Historiography and the Resurrection of Jesus: The No-Access Objection

Hi everyone! I hope you are enjoying your winter break back at home. For those of you participating in the Winter Reading Challenge, be sure to keep track of your progress on the Bibliopolis website!

I’ve been taking a class on the Defense of the Resurrection this past quarter at Biola University with Professor Sean McDowell, and in the next three posts, I wanted to share some of the things I’ve been learning through the course and the assigned reading: “The Resurrection of the Son of God,” by NT Wright.

In Wright’s book, before getting into the evidence for the resurrection of Jesus, Wright begins by considering the objections of some scholars who claim that historical study of the resurrection cannot be undertaken in the first place. These scholars aim at putting a stop to the historical investigation of the resurrection of Jesus before it can even begin, suggesting that it is not possible to speak of the resurrection of Jesus as an event within history.

The first objection, associated with Willi Marxsen, begins by denying that we have any access, as historians, to the resurrection itself. He argues that because we do not have any written sources that describe the actual awakening of Jesus, the removal of his grave-clothes, and the exit of Jesus from the tomb, we should not call the resurrection “historical.” Because nobody, as far as we know, wrote about the actual transition of Jesus from death to life, Marxsen deduces that nothing can be proved about the resurrection of Jesus and nothing can be said by modern historians about the resurrection of Jesus.

This seems to me to be too stringent and too positivist of a standard to impose on historians, to require direct access to a past event in order to say anything historically about it. If anything, it would appear to allow historians to say very little about anything in the past. Wright points out that the work of a historian actually requires him to conclude, “even if only to avoid total silence, that certain events took place to which we have no direct access but which are the necessary postulates of that to which we do have access.” In other words, historians can and often do conclude that an event to which they have no direct access took place by inferring that event from other events to which they do have direct access.

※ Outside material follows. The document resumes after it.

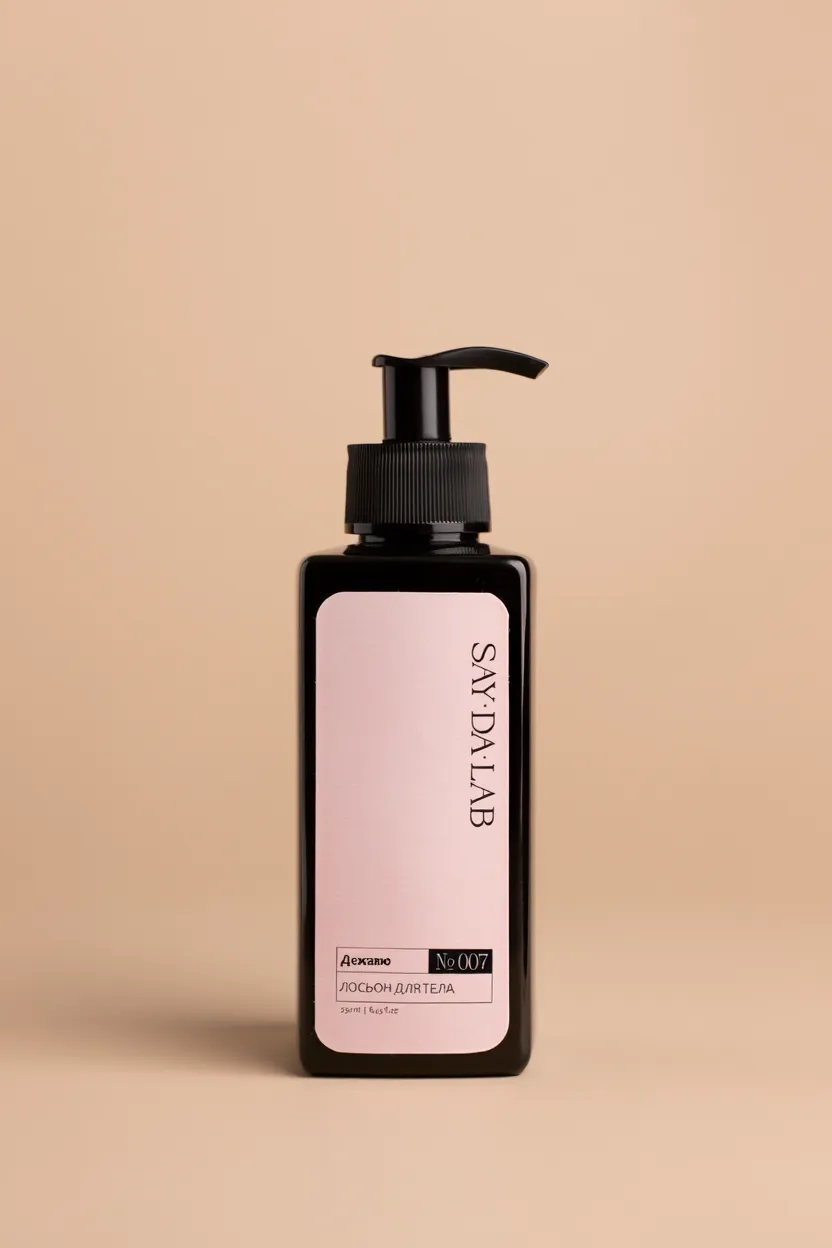 Съёмка для бренда уходовой косметики. Фотограф в Оренбурге. Профессиональный фотограф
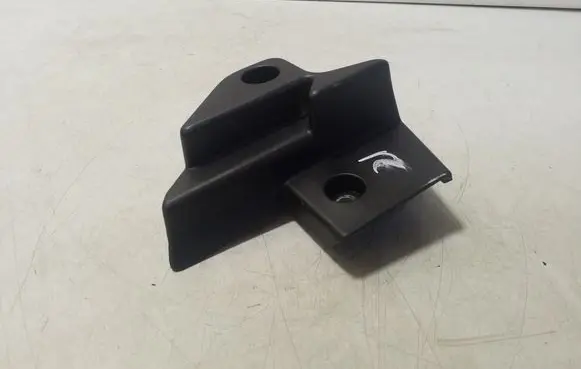 Audi A1 Parcel shelf load cover mount bracket 8X0863424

Wright points out that even scientists are not held to the positivist standard that Marxsen is suggesting. Take, for example, the recent discovery of the Higgs boson. For fifty years, scientists had posited the existence of the Higgs boson as an elementary particle in particle physics. Though it was not directly observed until 2012, physicists using the Standard Model of particle physics had long inferred its existence, because there was a theoretical need for that particle within the Standard Model given the properties and behaviors of the other particles that had already been directly observed.

In the case of the resurrection of Jesus, even though we do not have reliable written reports of Jesus regaining consciousness, removing his grave-clothes, and stepping out of the tomb, we do have reliable written reports regarding Jesus’ death on the cross, the empty tomb, the faith and changed lives of the disciples of Jesus, the rise of the early church, and other events that, as a whole, allow us to conclude as historians the resurrection of Jesus.

When historical events to which we do have direct access offer a strong case for the occurrence of an event to which we do not have direct access, as is the case in the resurrection of Jesus, it seems reasonable, despite Marxsen’s objection, for a historian to conclude that the event occurred.